Output exactly the lines of the listing below that run from the line with "قیمت ایمپلنت در رودسر چقدر است؟" through the line with "Cross section of anus showing abscess.". No pictures.

__EXTRACTED RECORDS__
....

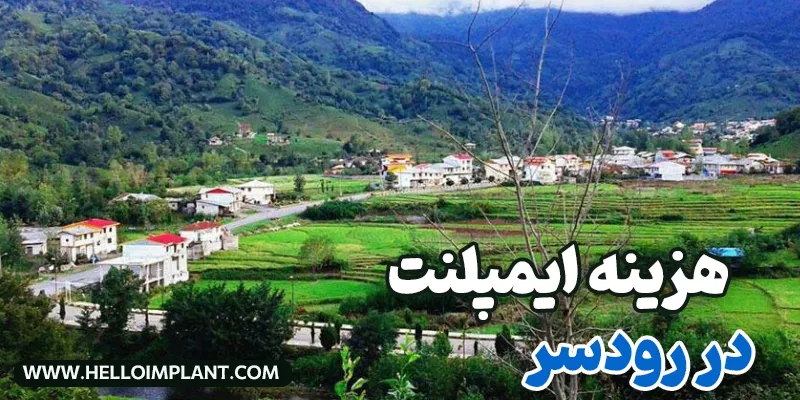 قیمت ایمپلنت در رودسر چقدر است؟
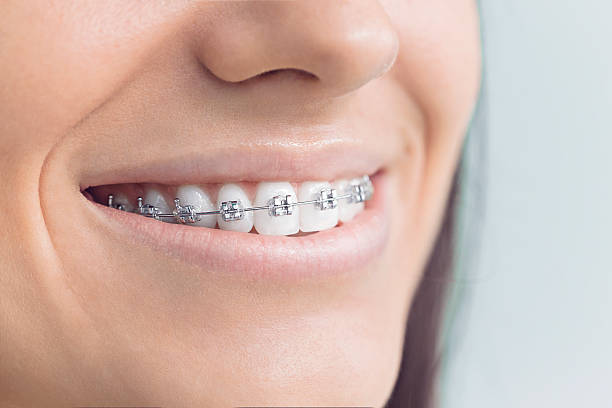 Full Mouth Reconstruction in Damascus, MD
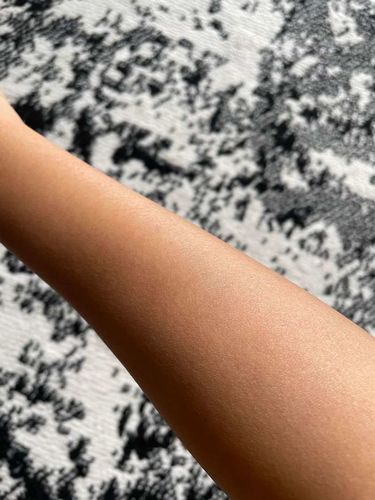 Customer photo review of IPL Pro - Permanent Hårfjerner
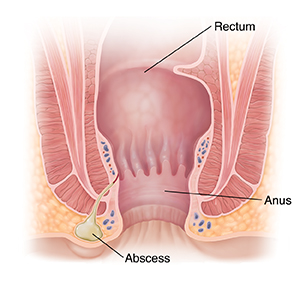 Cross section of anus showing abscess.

....

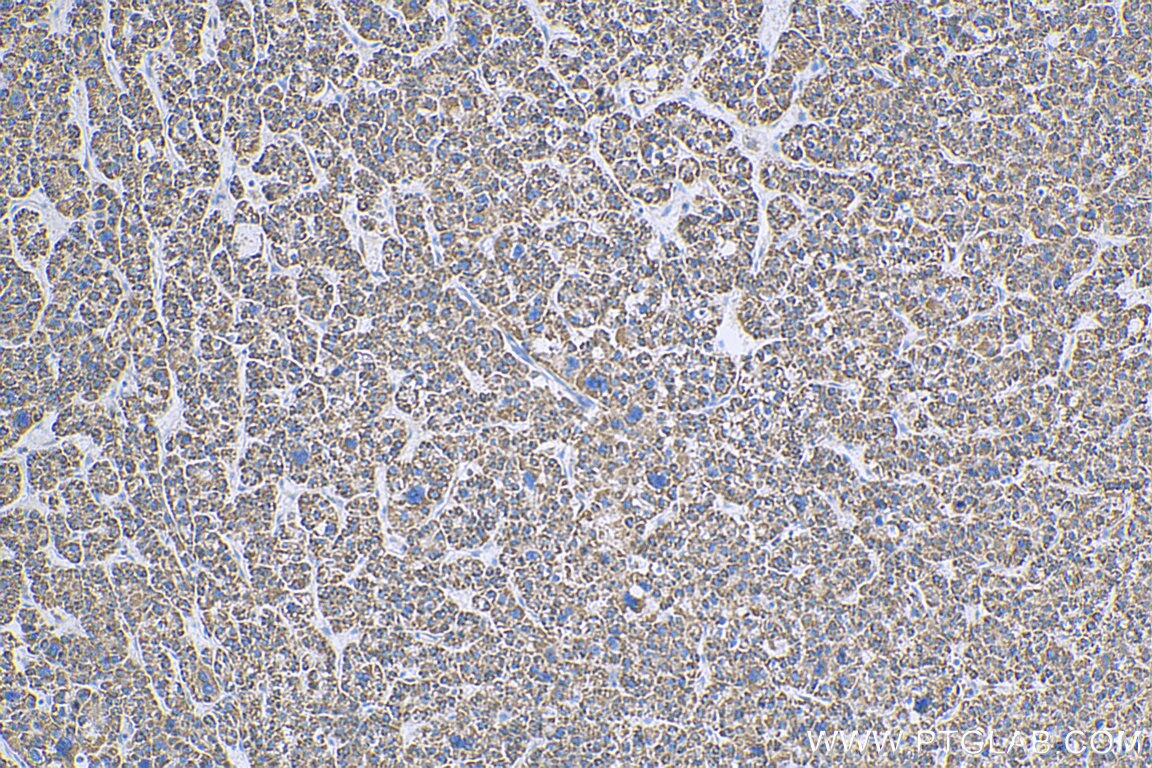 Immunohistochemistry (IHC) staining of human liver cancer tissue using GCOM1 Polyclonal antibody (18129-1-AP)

....

__SOLUTION FOR THIS TASK__
 قیمت ایمپلنت در رودسر چقدر است؟
 Full Mouth Reconstruction in Damascus, MD
 Customer photo review of IPL Pro - Permanent Hårfjerner
 Cross section of anus showing abscess.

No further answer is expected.